Nowadays there are many trials to find therapies to slow down the development of the disease, and as soon as there is a clear finding, I think it will be very important to have the early diagnostic and early treatment.
An example of a neurological disease for which this was found was multiple sclerosis. There are new treatments that can slow down the disease and that is great for the patients. We hope to see something similar in the future for Parkinson’s disease.
Would that be the biggest challenge in the long run? What other challenges are there when it comes to the research on Parkinson’s?
Yes, the biggest challenge is to find a treatment to reduce the progress of the disease. Another challenge we must have in mind are the non-motor symptoms, such as depression and dementia. When we make questionnaires about the life quality of patients, they give more importance to the non-motor symptoms than the motor ones. Therefore, we cannot leave behind the research on specific treatments for these symptoms.
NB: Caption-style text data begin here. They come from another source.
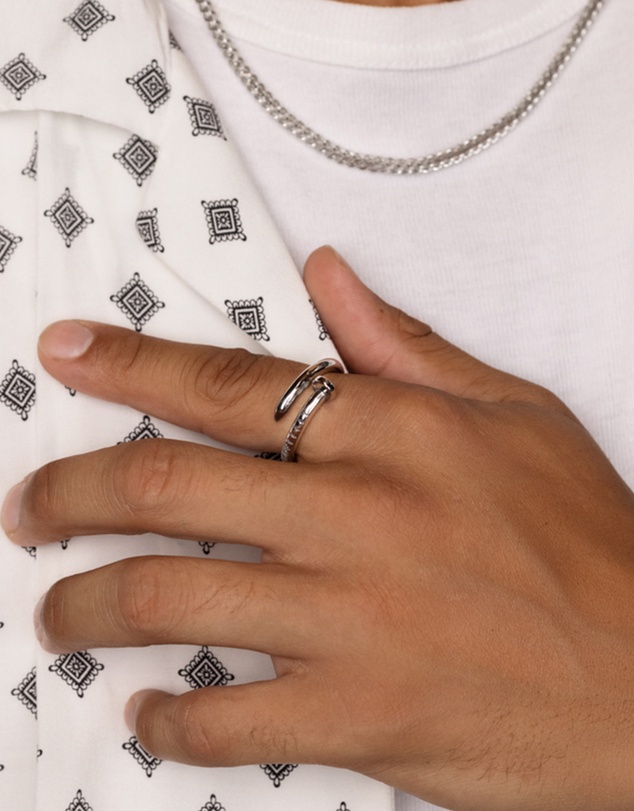 Nialaya Jewellery - Men's Silver Nail Ring with Dorje Engraving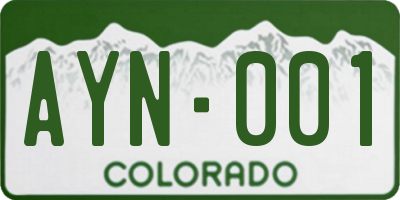 CO license plate AYN001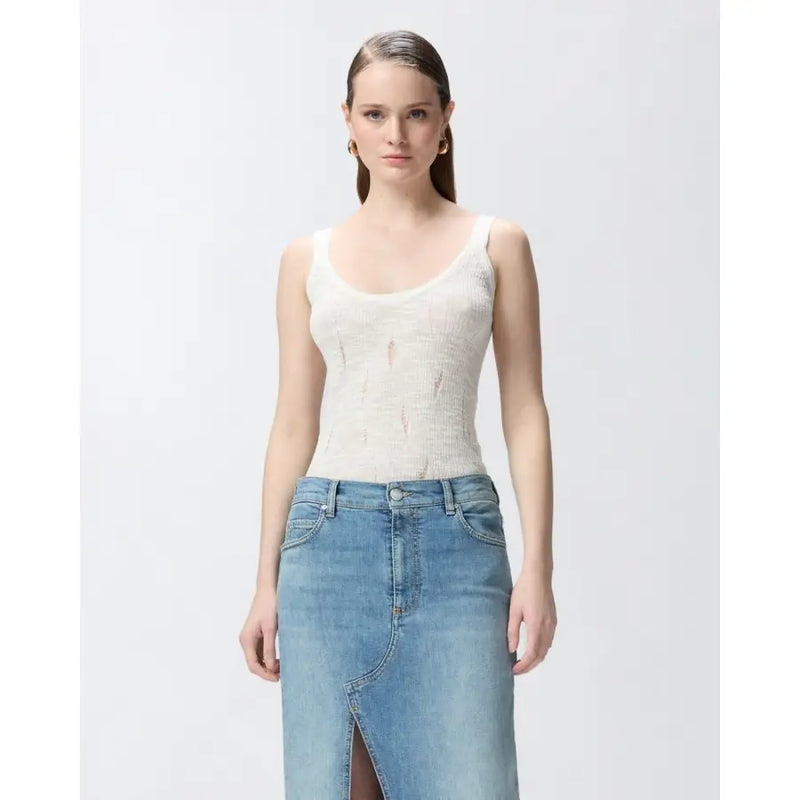 Pinko weißes Tanktop aus Baumwoll-Elastan mit Rundhalsausschnitt top auf Frau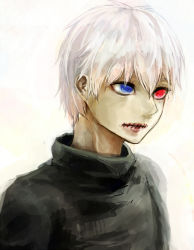 Rule 34 | 1boy, black shirt, blue eyes, from side, grey background, heterochromia, kaneki ken, male focus, open mouth, red eyes, shirt, short hair, simple background, solo, stitched mouth, stitches, straw like, tokyo ghoul, upper body, white hair
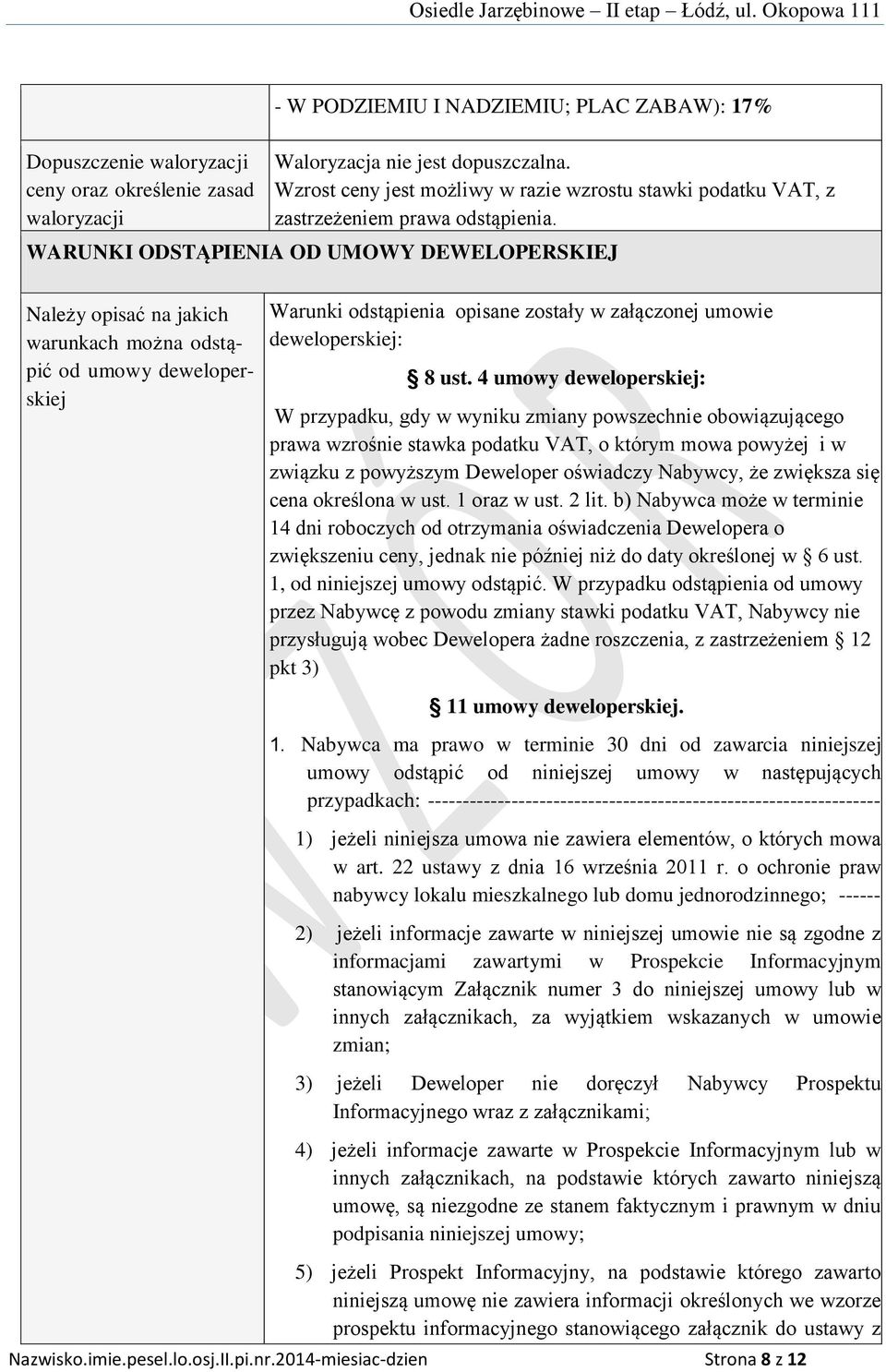 WARUNKI ODSTĄPIENIA OD UMOWY DEWELOPERSKIEJ Należy opisać na jakich warunkach można odstąpić od umowy deweloperskiej Warunki odstąpienia opisane zostały w załączonej umowie deweloperskiej: 8 ust.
And now, let’s talk about you. Tell us, when did you start being interested in neuroscience?
Actually, it was a professor of Pharmacology in the Karolinska Instituet, Bertil Fredholm. When I was a medicine student, I found his lectures and research very interesting, so I started going to his laboratory during the afternoons and holidays. We worked on the role of adenosine receptors in the effects of caffeine.
And which advice would you give to someone who is thinking about doing research?
I think it is very important to find an area in which you are really interested, because research is very exciting and fascinating but it also involves hard work and is a tough career.
One of the perks of being a researcher is that you can travel a lot and people are very friendly. As a researcher, you collaborate with European colleagues and with the rest of the world. I think this is good for yourself and you can learn a lot as a scientist, you discover different cultures and views, it is enriching.